Les rédactions s'entendent déjà à vendre le duel Macron Le Pen alors que les états-majors politiques savent qu'un tel deuxième tour de l'élection présidentielle n'intéresse pas 70% de l'électorat.
Cela donne déjà la mesure du risque d'abstention au second tour, si les rédactions s'abstiennent de trouver des candidats sérieux et des programmes qui corrigent efficacement les inégalités économiques et sociales. Aucun média ne propose à l'électorat un tableau synthétique de la situation économique et sociale ; alors que tous, ou presque, proposent des pages bourse pour les spéculateurs.
Il ne sera pas possible de jouer la surprise comme pour les régionales, dont les résultats devraient conduire à s'interroger sur la qualité du journalisme politique.
L'électorat a une exigence démocratique légitime de fond. Il ne se mobilise que s'il est pris au sérieux. S'il est respecté. Ce qui n'est pas le cas, comme le montre le traitement médiatique de la déclaration de l'acteur Pio Marmaï, décontextualisée et sans rappel historique des violences et des responsabilités politiques.
ACRIMED pose le diagnostic d'un "journalisme hippique".
Le festival de Cannes, dans la métaphore animalière, interroge s'il ne s'agit pas plutôt d'un journalisme de poisson rouge. Bruno Patino, qui fut doyen de l’école de journalisme de Sciences Po Paris pendant 14 ans, qualifie cela de "civilisation du poisson rouge".

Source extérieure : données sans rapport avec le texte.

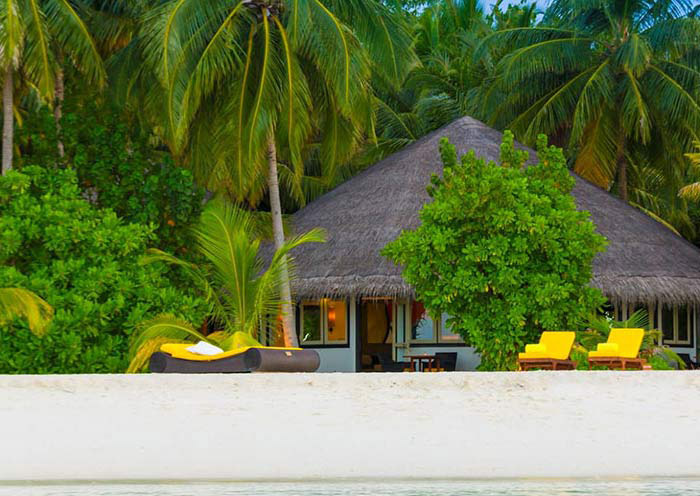 Angsana Velavaru Maldives Beachfront Villa
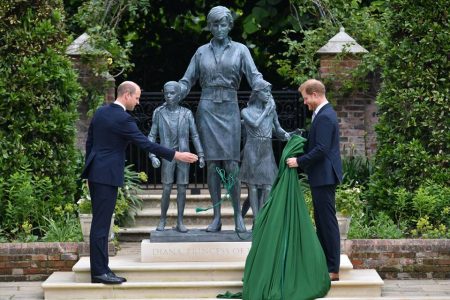 Principes William e Harry em evento do lançamento de estátua de Diana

La question se pose logiquement en considération de la précipitation des médias à courir après les réseaux sociaux et à vouloir les gagner de vitesse ; au risque de se ridiculiser, ce qui révèle un mépris de l'information et du public.
L'interrogation est d'importance dans une période électorale.
Comme le montre la recension de la déclaration de Pio Marmaï, l'information est déconnectée de la réalité, sans recontextualisation ni mise en perspectives des dérives politiques (condamnations de l'exécutif des Nations Unies du Conseil de l'Europe et de l'UE pour sa répression sanglante des gilets jaunes, manifestation du 19 mai, loi sécurité globale, réforme des retraites, régression sociale et des libertés publiques ...)
Le 4° pouvoir serait-il aussi médiocre que les trois autres qu'il critique ?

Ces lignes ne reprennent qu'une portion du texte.